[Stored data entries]
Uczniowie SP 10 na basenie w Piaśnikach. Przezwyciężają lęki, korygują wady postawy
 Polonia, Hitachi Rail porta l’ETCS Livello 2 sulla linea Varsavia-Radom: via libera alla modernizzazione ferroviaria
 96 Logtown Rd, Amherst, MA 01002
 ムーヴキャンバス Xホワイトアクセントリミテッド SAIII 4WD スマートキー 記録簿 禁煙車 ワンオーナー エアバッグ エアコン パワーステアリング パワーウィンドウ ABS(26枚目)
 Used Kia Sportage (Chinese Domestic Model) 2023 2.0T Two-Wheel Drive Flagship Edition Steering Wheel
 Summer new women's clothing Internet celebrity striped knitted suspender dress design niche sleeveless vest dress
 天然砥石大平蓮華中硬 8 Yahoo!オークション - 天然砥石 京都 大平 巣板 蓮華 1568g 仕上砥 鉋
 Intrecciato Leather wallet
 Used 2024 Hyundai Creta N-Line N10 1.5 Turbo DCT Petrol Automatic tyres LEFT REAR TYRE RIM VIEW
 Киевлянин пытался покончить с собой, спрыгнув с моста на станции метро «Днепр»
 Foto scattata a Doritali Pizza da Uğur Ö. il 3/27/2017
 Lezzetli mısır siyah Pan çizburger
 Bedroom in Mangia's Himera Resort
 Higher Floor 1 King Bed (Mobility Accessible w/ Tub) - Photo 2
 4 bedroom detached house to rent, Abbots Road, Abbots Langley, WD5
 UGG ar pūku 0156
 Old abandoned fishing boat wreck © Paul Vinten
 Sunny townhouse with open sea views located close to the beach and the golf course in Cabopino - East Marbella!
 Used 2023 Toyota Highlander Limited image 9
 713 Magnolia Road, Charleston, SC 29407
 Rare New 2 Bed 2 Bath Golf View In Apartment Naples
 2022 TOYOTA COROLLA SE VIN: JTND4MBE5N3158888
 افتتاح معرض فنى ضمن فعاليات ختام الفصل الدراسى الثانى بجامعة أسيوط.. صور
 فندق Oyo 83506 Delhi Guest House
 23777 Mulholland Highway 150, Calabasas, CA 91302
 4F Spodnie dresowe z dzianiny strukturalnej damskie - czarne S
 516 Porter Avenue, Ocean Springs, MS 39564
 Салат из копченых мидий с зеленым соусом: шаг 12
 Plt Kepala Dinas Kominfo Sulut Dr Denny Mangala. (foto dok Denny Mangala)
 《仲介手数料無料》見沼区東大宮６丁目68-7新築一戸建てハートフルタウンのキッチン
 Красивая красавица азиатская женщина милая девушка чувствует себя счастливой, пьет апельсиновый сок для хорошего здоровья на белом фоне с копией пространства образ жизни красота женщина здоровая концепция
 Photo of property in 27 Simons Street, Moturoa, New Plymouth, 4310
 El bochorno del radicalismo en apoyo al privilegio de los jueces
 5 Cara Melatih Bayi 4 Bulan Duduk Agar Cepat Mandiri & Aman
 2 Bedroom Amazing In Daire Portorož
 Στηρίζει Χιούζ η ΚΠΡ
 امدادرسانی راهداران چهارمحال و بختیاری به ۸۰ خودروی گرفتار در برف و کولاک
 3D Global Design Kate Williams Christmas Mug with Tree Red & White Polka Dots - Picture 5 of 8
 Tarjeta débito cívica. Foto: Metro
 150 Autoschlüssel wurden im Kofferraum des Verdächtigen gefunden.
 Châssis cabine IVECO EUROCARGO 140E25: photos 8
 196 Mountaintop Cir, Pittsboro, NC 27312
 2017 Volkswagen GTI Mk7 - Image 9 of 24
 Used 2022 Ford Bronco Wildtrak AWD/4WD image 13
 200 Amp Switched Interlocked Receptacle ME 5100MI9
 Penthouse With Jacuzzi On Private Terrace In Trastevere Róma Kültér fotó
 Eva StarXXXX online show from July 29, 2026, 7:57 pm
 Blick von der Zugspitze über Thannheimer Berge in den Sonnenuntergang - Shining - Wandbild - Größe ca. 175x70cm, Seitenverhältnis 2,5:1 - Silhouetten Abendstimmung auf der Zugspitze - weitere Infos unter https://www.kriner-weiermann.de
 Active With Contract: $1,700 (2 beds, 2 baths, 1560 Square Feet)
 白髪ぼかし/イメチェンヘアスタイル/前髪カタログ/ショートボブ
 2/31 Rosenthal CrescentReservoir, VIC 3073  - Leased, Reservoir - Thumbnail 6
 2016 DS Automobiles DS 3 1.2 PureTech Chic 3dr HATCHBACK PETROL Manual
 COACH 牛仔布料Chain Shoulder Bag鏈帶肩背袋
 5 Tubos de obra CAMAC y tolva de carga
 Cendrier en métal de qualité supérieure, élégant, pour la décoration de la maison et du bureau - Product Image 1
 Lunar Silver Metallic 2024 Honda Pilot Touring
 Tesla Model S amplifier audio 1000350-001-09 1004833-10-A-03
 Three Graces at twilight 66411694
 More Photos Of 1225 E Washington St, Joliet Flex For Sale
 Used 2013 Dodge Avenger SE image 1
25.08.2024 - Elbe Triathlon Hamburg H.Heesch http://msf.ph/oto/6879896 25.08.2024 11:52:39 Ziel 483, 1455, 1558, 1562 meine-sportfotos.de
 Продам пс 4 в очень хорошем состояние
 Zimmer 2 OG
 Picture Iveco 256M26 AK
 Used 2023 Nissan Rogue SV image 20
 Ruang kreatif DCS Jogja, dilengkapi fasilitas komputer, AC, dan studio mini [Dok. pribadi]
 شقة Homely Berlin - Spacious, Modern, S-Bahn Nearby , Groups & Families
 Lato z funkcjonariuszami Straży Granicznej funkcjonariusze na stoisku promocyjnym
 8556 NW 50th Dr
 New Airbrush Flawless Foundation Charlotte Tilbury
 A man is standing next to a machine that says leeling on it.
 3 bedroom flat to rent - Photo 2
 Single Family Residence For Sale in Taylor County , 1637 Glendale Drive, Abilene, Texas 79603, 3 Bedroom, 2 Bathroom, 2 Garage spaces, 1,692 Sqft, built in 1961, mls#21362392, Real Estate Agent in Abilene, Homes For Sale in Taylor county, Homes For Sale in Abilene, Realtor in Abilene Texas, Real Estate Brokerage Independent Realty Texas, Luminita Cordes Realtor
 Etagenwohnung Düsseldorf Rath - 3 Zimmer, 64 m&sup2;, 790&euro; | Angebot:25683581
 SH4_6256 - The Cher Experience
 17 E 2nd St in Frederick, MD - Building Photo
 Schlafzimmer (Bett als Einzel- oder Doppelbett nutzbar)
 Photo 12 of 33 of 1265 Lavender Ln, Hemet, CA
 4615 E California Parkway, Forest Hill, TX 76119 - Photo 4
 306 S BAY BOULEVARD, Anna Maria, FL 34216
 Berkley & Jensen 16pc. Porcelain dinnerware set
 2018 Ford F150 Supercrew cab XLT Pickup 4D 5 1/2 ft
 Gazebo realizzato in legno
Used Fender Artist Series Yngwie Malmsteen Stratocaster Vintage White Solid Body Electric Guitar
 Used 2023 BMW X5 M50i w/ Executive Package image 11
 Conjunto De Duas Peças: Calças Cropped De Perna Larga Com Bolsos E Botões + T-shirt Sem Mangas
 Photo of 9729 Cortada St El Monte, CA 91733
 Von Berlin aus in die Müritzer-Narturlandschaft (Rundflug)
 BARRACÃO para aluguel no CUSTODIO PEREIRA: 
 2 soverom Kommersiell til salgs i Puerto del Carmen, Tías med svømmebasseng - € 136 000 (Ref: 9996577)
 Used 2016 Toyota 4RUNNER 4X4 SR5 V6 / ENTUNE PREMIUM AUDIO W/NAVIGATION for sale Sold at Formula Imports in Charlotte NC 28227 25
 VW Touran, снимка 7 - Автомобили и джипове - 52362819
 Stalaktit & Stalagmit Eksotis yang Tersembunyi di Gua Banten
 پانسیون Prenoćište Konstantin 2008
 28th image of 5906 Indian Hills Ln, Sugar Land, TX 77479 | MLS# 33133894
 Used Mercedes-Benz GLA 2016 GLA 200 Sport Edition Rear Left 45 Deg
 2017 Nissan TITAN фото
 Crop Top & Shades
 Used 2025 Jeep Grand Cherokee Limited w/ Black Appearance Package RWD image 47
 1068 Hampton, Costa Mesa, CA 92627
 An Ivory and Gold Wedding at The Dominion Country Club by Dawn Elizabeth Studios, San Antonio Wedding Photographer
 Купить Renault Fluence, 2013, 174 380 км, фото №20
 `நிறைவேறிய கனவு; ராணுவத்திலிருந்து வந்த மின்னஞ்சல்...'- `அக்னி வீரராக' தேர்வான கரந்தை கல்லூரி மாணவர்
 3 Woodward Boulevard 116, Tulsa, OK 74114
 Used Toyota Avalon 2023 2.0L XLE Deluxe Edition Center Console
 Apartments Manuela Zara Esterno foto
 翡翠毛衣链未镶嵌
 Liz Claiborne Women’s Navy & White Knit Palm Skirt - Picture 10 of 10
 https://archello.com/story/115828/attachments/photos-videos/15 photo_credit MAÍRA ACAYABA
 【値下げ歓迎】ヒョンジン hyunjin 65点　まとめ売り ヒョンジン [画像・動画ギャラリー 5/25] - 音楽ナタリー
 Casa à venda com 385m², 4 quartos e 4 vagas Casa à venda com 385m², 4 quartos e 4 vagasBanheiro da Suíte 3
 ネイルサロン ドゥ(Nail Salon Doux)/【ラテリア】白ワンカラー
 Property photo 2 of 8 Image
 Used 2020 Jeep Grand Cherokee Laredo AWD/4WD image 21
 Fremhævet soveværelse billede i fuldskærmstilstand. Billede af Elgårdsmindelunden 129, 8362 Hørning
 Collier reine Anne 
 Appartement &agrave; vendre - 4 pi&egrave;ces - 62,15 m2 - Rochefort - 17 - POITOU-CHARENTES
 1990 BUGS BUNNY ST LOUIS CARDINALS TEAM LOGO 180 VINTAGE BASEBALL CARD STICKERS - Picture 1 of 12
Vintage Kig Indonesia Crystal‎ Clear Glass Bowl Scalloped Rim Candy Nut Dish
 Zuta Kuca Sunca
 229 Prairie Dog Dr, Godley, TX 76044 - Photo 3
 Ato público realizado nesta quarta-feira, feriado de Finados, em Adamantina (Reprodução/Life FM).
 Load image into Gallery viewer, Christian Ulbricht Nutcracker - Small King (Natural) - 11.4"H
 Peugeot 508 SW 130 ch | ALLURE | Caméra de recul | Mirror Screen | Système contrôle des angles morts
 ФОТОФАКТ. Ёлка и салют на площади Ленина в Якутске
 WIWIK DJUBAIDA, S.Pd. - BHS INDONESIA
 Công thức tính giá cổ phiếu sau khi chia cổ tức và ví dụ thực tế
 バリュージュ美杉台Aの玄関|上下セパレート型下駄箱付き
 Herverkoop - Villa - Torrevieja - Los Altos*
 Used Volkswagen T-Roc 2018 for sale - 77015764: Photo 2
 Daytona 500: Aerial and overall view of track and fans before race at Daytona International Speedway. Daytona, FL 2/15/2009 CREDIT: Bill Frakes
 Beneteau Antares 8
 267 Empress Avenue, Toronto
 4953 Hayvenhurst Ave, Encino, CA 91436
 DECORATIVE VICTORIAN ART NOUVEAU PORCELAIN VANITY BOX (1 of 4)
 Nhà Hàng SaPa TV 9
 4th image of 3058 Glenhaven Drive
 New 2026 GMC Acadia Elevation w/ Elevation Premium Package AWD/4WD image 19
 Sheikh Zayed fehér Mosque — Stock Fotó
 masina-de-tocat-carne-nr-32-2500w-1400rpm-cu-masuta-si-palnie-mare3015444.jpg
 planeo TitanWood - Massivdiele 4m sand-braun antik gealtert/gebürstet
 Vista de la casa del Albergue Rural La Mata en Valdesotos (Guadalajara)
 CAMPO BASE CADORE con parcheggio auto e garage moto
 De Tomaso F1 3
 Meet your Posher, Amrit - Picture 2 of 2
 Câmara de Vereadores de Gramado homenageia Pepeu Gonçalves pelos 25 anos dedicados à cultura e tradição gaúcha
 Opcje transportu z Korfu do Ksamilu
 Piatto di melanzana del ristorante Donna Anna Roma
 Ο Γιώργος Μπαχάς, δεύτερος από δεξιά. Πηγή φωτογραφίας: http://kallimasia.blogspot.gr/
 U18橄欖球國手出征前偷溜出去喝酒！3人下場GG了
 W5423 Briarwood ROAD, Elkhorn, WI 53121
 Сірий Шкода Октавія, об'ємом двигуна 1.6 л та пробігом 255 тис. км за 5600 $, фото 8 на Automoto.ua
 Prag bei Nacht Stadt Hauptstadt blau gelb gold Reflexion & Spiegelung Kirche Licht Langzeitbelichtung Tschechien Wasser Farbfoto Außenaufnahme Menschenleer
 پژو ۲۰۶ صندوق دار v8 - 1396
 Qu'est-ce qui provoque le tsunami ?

[EXERCISE DETAILS] Using the data above, print exactly the lines from the line that contains "Active With Contract: $1,700" through the line that contains "5 Tubos de obra CAMAC y tolva de carga", with both included.

[SOLUTION]
 Active With Contract: $1,700 (2 beds, 2 baths, 1560 Square Feet)
 白髪ぼかし/イメチェンヘアスタイル/前髪カタログ/ショートボブ
 2/31 Rosenthal CrescentReservoir, VIC 3073  - Leased, Reservoir - Thumbnail 6
 2016 DS Automobiles DS 3 1.2 PureTech Chic 3dr HATCHBACK PETROL Manual
 COACH 牛仔布料Chain Shoulder Bag鏈帶肩背袋
 5 Tubos de obra CAMAC y tolva de carga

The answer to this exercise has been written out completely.